May 22, 2019
“to keep his date with love”
Today, a little past mid May, during an iffy spring alive with teasing weather, feels like a good day to read W. H. Auden’s puckish celebration of love’s passion and tenderness around and through these fickle, unpredictable work days. Sure, a little time to pause and read this poem out loud can do us all good.
Have a blest Wednesday
john sj
Detroit Mercy campus, April 22, 2006
Today’s Post – “Song”
The chimney sweepers
Wash their faces and forget to wash the neck;
The lighthouse keepers
Let the lamps go out and leave the ships to wreck;
The prosperous baker
Leaves the rolls in hundreds in the oven to burn;
The undertaker
Pins a small note on the coffin saying, “Wait till I return,
I’ve got a date with Love.”
And deep-sea divers
Cut their boots off and come bubbling to the top,
And engine-drivers
Bring expresses in the tunnel to a stop;
The village rector
Dashes down the side-aisle half-way through a psalm;
The sanitary inspector
Runs off with the cover of the cesspool on his arm-
To keep his date with Love.
February 21, 1907 – September 29, 1973
Poem: “Song” by W.H. Auden, from As I Walk Out One Evening: Songs, Ballads, Lullabies, Limericks, and Other Light Verse. © Vintage Books.

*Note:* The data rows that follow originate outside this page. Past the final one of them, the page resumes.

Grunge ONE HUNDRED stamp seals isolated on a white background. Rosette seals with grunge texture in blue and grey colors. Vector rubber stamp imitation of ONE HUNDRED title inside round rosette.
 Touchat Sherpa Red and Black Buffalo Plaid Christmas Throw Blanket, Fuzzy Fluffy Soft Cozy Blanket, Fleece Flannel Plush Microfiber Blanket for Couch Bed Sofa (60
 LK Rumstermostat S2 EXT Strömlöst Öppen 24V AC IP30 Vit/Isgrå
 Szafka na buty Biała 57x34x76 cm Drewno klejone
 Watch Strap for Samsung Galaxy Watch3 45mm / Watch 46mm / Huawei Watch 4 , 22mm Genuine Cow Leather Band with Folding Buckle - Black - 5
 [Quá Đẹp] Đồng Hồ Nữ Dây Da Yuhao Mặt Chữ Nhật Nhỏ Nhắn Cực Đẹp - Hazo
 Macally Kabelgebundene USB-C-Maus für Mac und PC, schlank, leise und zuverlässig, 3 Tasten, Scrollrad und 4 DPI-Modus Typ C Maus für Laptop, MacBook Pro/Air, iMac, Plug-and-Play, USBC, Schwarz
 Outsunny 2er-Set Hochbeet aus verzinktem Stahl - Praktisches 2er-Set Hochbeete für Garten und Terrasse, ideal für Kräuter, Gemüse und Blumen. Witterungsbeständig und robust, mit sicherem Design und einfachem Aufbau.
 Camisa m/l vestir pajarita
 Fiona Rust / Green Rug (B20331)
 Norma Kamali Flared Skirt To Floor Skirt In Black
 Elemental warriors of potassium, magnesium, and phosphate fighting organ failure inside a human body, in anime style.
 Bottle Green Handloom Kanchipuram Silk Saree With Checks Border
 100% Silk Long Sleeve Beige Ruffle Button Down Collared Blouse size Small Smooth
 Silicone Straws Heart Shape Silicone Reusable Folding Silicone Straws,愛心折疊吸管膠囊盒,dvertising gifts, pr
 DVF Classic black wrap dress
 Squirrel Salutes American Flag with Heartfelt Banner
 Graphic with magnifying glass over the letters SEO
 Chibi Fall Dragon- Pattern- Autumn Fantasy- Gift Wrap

Reprinted with permission
p.s. A prayer;
Give me a grateful heart to live from
Attentive to savor the blessings received
Playful to expect your surprises
Trusting, to commit myself to Your commitment to me.
A teaching about prayer:
Ignatius suggests that every day I consider the inner “movements” of that day but that before I consider, I begin with gratitude for my life as it is now (not as it may become in my future).